Late this afternoon we had 50+ Eckardt Scholars over for a Welcome/Welcome-Back Mocktail Party. It was a great event to kick-off the year. Thank goodness for:

  • Jeanne, my Right-Hand-Woman (our Eckart Scholars Program administrative coordinator, from the Office of Interdisciplinary Programs) who makes all of my visions reality.
  • LU Catering, who make these events possible for me to pull off — and who make it delish for some very appreciative students! (I like to spoil the Eckardt Scholars with all sorts of treats… today’s menu included: sushi, crab cakes, bruschetta, spring rolls, fresh fruit, yummy alcohol-free sangria… and many other fabulous items too!)
  • The students. They are, truly, just so incredibly incredible. I just love them.

By living on campus I can easily do these sorts of events at our home. The students feel like they are being invited to a professor’s house (which they are), and that makes it much more personal and special than if I were to hold it in an event space. They can also get to/from the event very easily (we are right on campus, so no car necessary). I can pull it off without having to worry too much about the bambinos (Kyle, Owen, and Meera all join right in… and honestly, add a lot of life to any party!). And our dear friends from LU Catering just swoop in to set it up, and then clean it up. After a quick run of the vacuum and a wipe-off of all the surfaces, everything is right back in shape (so our entire day/night is not consumed with hosting an event).

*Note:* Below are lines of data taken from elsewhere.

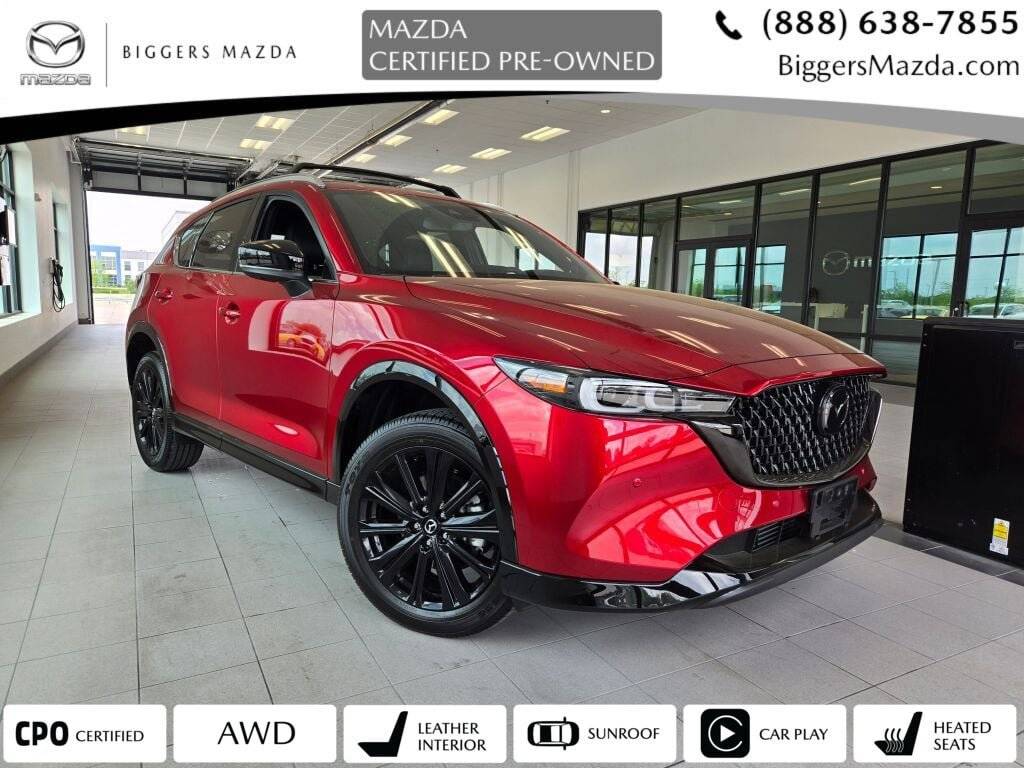 2025 Mazda CX-5 2.5 Turbo Premium — SUV — 3,360 mi — Elgin, IL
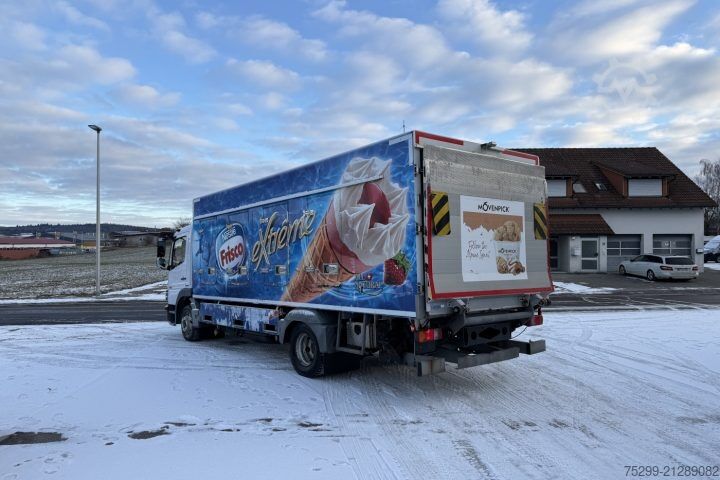 Koelwagen Mercedes-Benz Atego 1022 4x2 Kühlkoffer+HB / Swiss-Vehicle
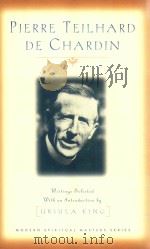 PIERRE TEILHARD DE CHARDIN（1999 PDF版）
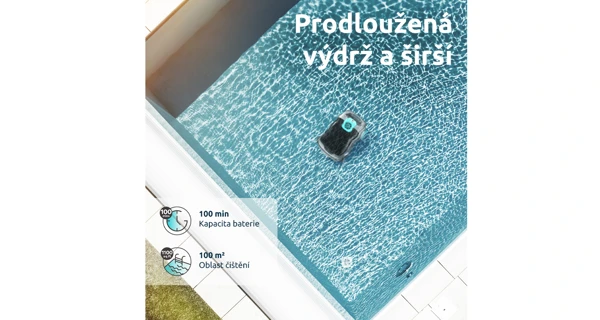 Bazénový vysavač Aiper Scuba E1
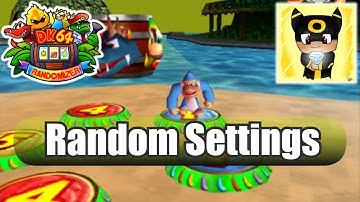 Donkey Kong 64 Randomizer - Random Settings #1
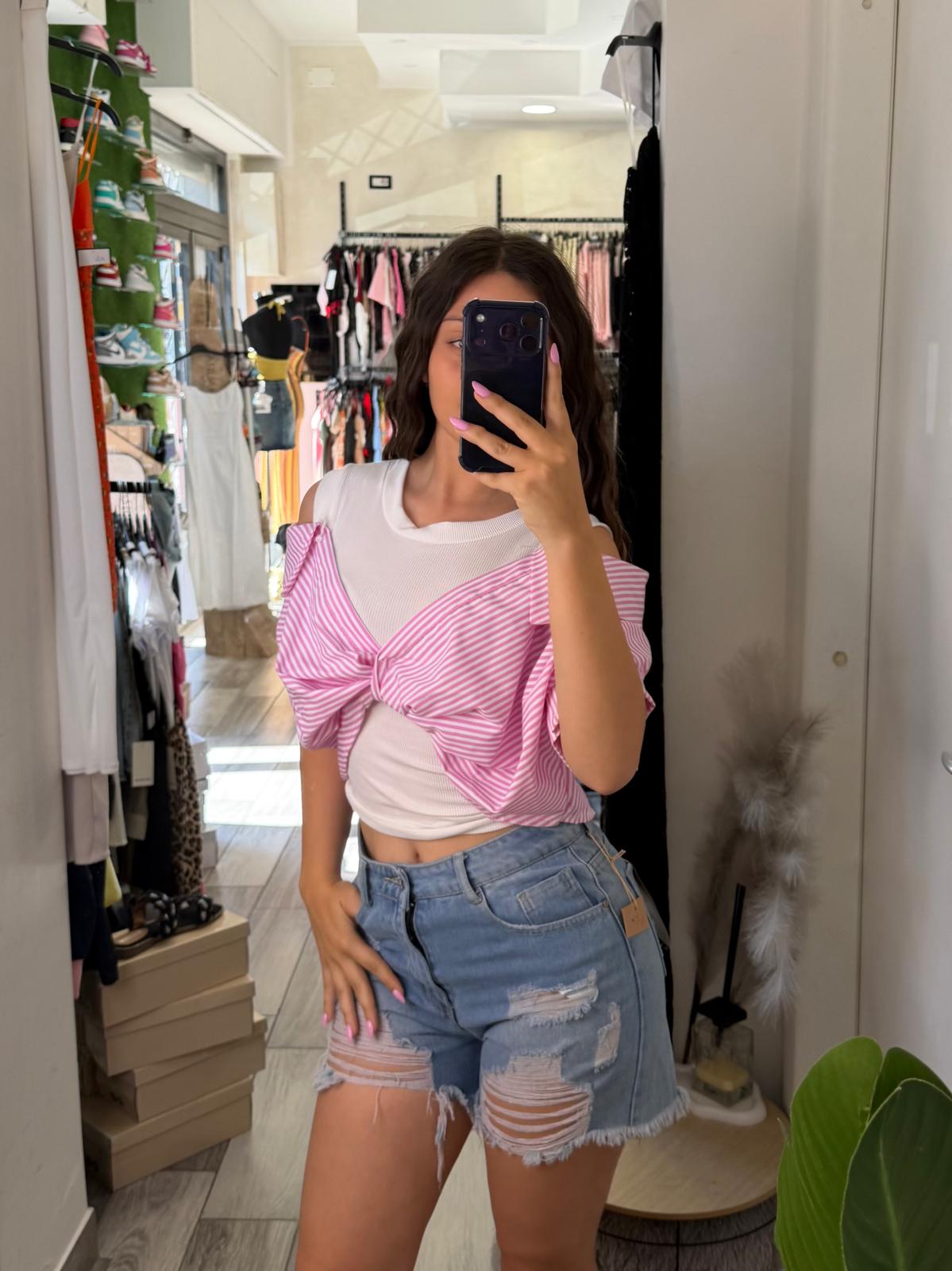 Shorts jeans 6636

The bambinos are happy (they are eating pizza and watching a movie right now), the students are happy (the Eckardt students and the Sayre students [who, by the way, always benefit by getting all the leftovers from our events!]), and Braydon and me are happy (we’re high-fiving each other feeling like we’ve somehow managed to pull off yet another day of the dual-career-&-3-kids marriage). It is all good as we wrap up the First Week of Classes and head into the new year.

Locks of Love (Meera’s Haircut)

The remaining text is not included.